Select unit that captured Spartan Base->Actions->Exterminate Base.
Problem solved.
Yeah, yeah, but if you're going to commit atrocities, you might as well go big and turn their own territory into a bunch of lakes. Not like the Spartans bother building many cities either.
Hence, planetbusters. That's my thinking anyway. I really like building expensive stuff.
Actually, a less controversial fix is simply to "force relocate" everyone buy churning out the cheapest model of colony pods, speeding up the rate of starvation. I'd forgotten about that.
I suppose. Too much playing as the Hive tends to leave a mark on one's playstyle I guess. :P
Seems so.
Man, that's a thing about games, especially good ones. You start to see things from a certain angle when considering the game that matches the chosen playstyle. It's interesting.
Especially when you start playing someone else for a change of pace.
Why I fear the ocean.
The Hive, on the other hand, tends to turn into a sprawling empire made of far too many crap bases. You would need the votes against them.

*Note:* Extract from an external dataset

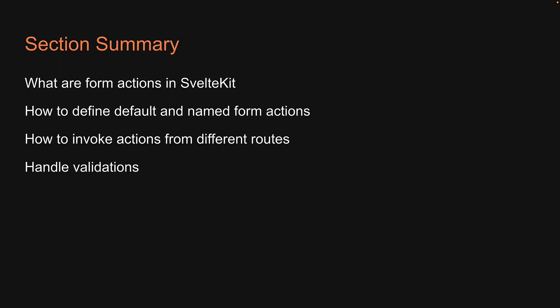handle validations, redirections, and finally, how to progressively enhance form user experience when client-side JavaScript is enabled. Hopefully, you now have a good idea of working with forms in SvelteKit.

When I played the Peacekeepers, I had to rely on a coalition to keep me alive while I furiously strove for enough votes to get myself elected head of the council. Which inevitably meant a three-way alliance with the University and either the Gaians or the Morganites (whoever hadn't killed the other). That's a lot harder if you keep violating the charter.
Plus, if you spend any length of time as the University, you learn that their apparently hilarious disregard for ethics results in plenty of drones, so you come to automatically deal with them as quickly as you can, through base upgrades and careful planning.
The Morganites will often ally with you early on until you actually can change your economic models. The AI tends to like to cooperate with the human player anyway.
The Hive don't seem to care at all, either way.
The Peacekeepers get along with you pretty well, even though, like everyone else, they annoyingly ask for handout tech.
The Gaians do the same as the Peacekeepers but, again, unless you adopt Free Market economics, they don't seem to get upset.
So that leaves the Spartans and the Miriams as the two real points of contention (and possibly the Morganites, late game).
This is only based on my own experience, though. I'd really like a huge game with all the factions, original and expansion, in play.